Separately, the statements constituted non-actionable opinion.  The court first framed the overall context: it’s a “scholarly” journal, setting the stage for the article to be received as opinion, “because reasonable readers (especially judges) know that scholarly journals often present one side or the other in opinionated debates.” And the relevant article explicitly presented itself as offering suggestions for judges to consider in evaluating the expertise of document examiners. The intro for “What to look for” and “What to look out for” “employs the language of opinion, not hard facts”: “While judges are responsible for being court gatekeepers, I, as a practicing forensic document examiner, would like to respectfully suggest ways to differentiate between the true professional and the lesser-qualified practitioners.” The entire section of the article was called, “Gatekeeping Tips from a Practitioner,” indicating that this is the author’s viewpoint.  

The individual statements also used the language of opinion, such as “appropriately trained forensic document examiner” (emphasis added), and “recognized by the broader forensic science community, law enforcement, and courts ….”  There was no way to verify the American Board’s “recognition” in the community, and the sweeping breadth of the statement made it even less fact-like/verifiable.  The third and fourth statements were part of the section “What to look out for,” which already spoke in the language of an opinion.

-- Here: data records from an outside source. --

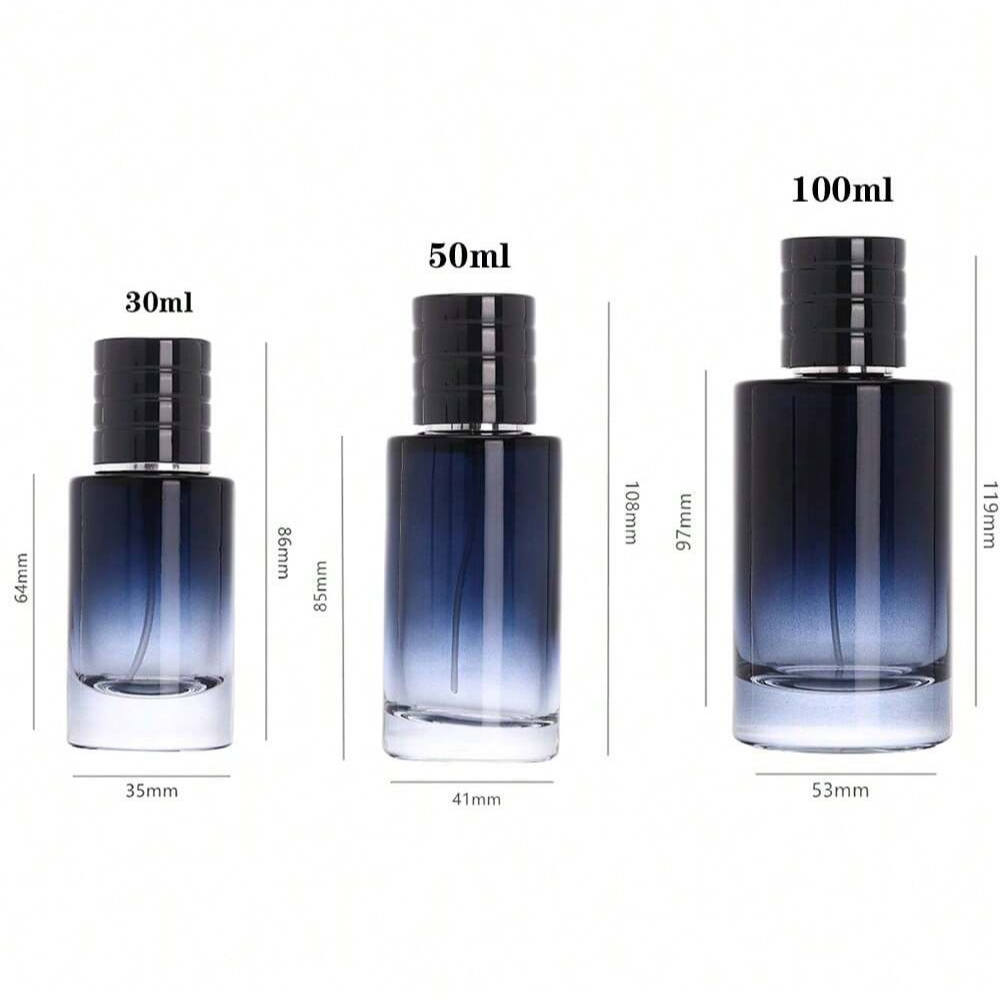 1 Buah 30/100Ml Kaca Warna Gra - Perfume Fragrance World Aromatix X Xandal 100Ml Unisex ulasan dan harga
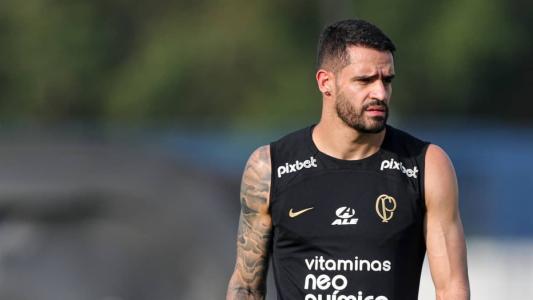 Renato Augusto fez trabalhos específicos com Bruno Mazziotti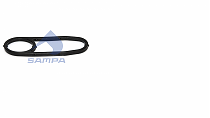 Прокладка масляного модуля Scania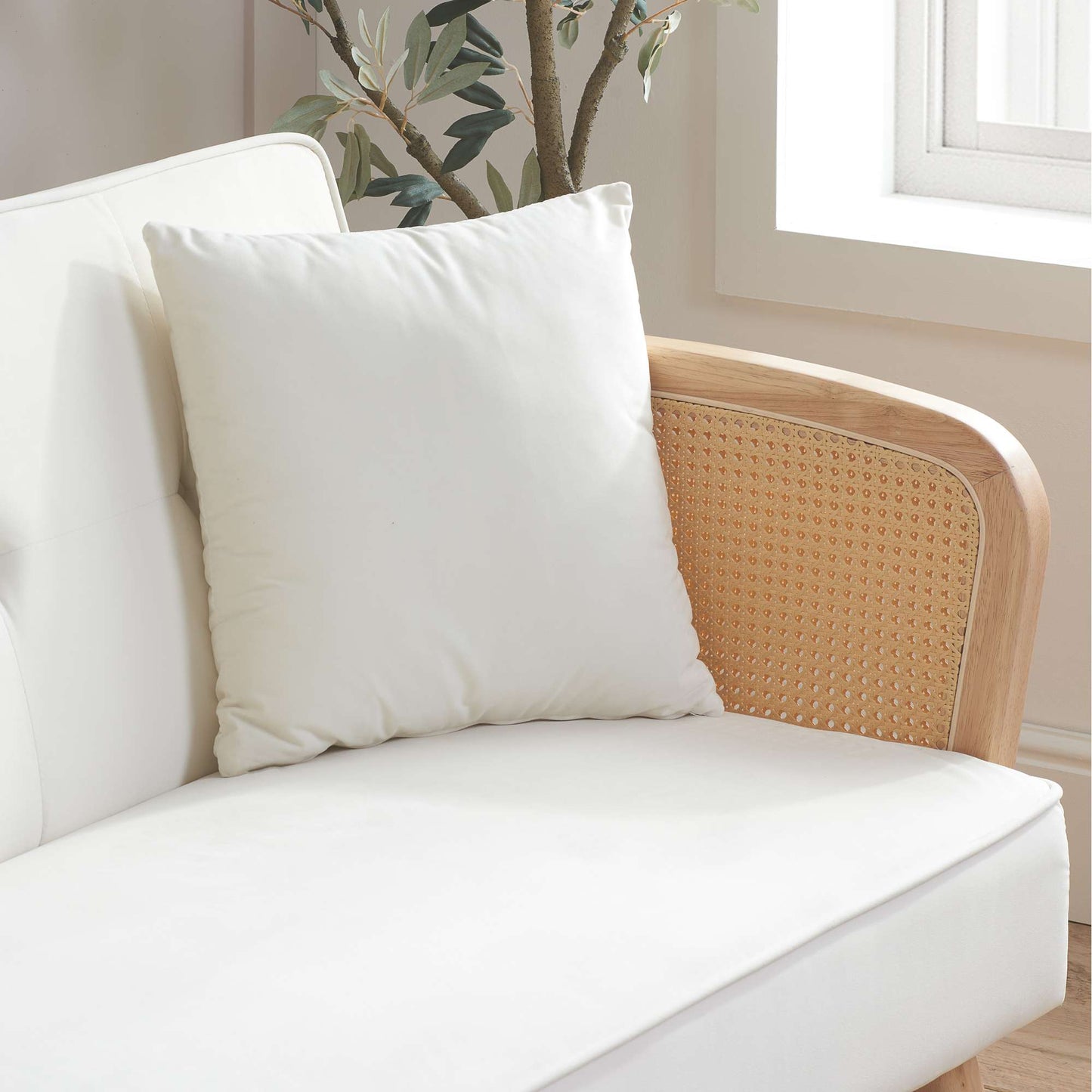Mila Sofa Bed - Guest Bed with Fold-Flat Clic-Clac Mechanism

And the intro sentence says that the author “suggests” that judges look for certain things to distinguish between a “true” professional and “lesser”-qualified practitioners. “Suggests,” “true,” and “lesser” “all signify that Vastrick is expressing his opinions in offering the lists.”

Without a factual statement, the false light and state-law false advertising claims also failed, as did the Lanham Act claim--without even needing to address the question of whether the article constituted "commercial advertising or promotion."